Directions for this task. Give back every record below in full and exactly, but without a single image.

Exercise materials.
+-------+

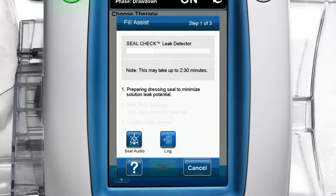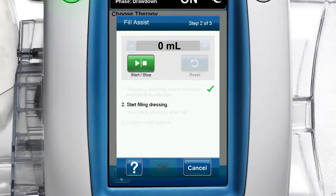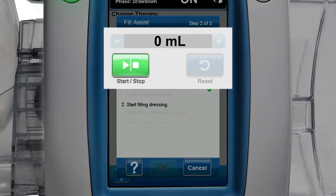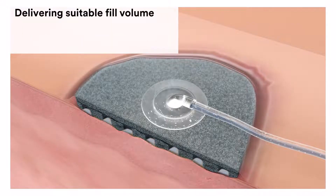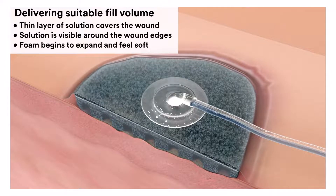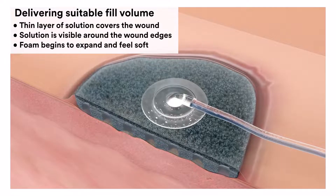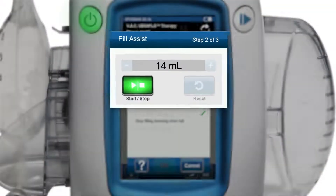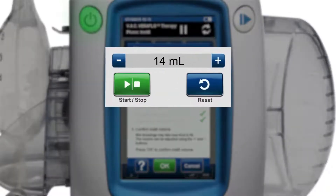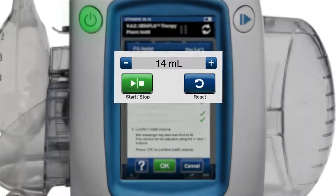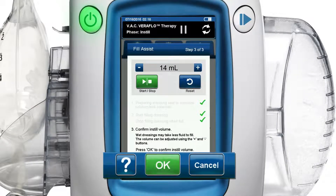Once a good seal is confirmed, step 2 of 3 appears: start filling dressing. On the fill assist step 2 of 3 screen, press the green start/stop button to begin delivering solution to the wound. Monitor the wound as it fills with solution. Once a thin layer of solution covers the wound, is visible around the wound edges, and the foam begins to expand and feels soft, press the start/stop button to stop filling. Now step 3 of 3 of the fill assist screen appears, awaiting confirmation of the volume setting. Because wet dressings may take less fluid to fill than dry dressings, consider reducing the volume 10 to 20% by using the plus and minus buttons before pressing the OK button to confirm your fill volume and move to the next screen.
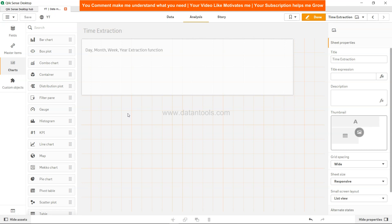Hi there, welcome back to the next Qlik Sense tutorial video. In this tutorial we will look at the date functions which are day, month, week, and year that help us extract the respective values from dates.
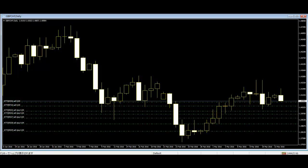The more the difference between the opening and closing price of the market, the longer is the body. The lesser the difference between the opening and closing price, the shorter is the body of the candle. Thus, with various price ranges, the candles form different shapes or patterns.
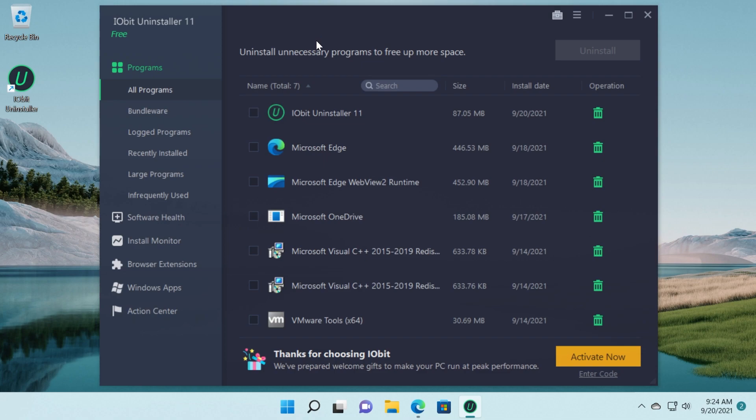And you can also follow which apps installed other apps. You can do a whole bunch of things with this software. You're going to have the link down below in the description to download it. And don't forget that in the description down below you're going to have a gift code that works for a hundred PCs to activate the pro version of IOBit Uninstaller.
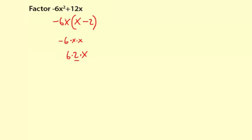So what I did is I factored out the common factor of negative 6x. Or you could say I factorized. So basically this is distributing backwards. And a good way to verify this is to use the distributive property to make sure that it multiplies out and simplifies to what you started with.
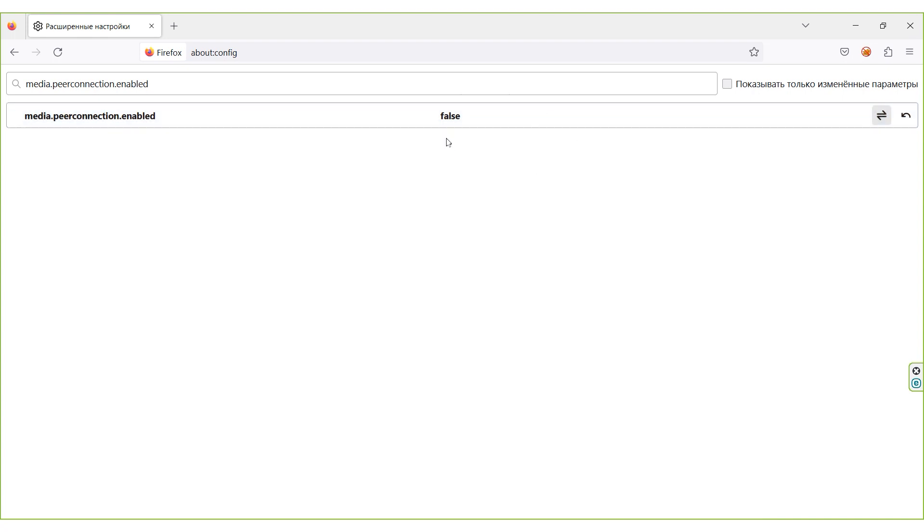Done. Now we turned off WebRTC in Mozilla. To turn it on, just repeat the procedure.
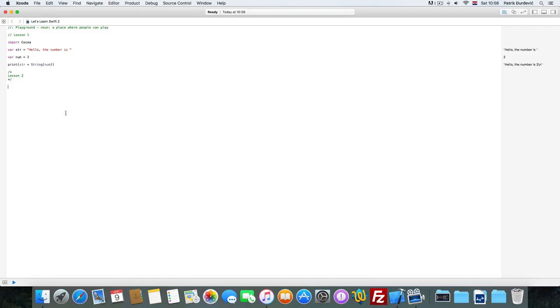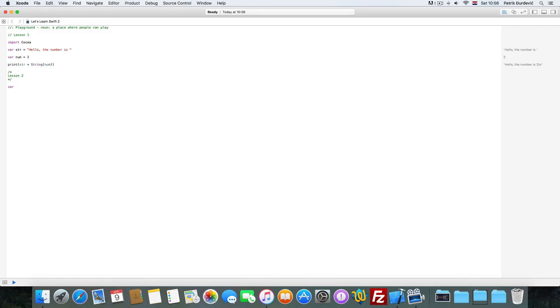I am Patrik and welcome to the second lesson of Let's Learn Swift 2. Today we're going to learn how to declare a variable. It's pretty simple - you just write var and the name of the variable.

+-------+

Answer to the exercise.
Once a good seal is confirmed, step 2 of 3 appears: start filling dressing. On the fill assist step 2 of 3 screen, press the green start/stop button to begin delivering solution to the wound. Monitor the wound as it fills with solution. Once a thin layer of solution covers the wound, is visible around the wound edges, and the foam begins to expand and feels soft, press the start/stop button to stop filling. Now step 3 of 3 of the fill assist screen appears, awaiting confirmation of the volume setting. Because wet dressings may take less fluid to fill than dry dressings, consider reducing the volume 10 to 20% by using the plus and minus buttons before pressing the OK button to confirm your fill volume and move to the next screen.
Hi there, welcome back to the next Qlik Sense tutorial video. In this tutorial we will look at the date functions which are day, month, week, and year that help us extract the respective values from dates.
The more the difference between the opening and closing price of the market, the longer is the body. The lesser the difference between the opening and closing price, the shorter is the body of the candle. Thus, with various price ranges, the candles form different shapes or patterns.
And you can also follow which apps installed other apps. You can do a whole bunch of things with this software. You're going to have the link down below in the description to download it. And don't forget that in the description down below you're going to have a gift code that works for a hundred PCs to activate the pro version of IOBit Uninstaller.
So what I did is I factored out the common factor of negative 6x. Or you could say I factorized. So basically this is distributing backwards. And a good way to verify this is to use the distributive property to make sure that it multiplies out and simplifies to what you started with.
Done. Now we turned off WebRTC in Mozilla. To turn it on, just repeat the procedure.
I am Patrik and welcome to the second lesson of Let's Learn Swift 2. Today we're going to learn how to declare a variable. It's pretty simple - you just write var and the name of the variable.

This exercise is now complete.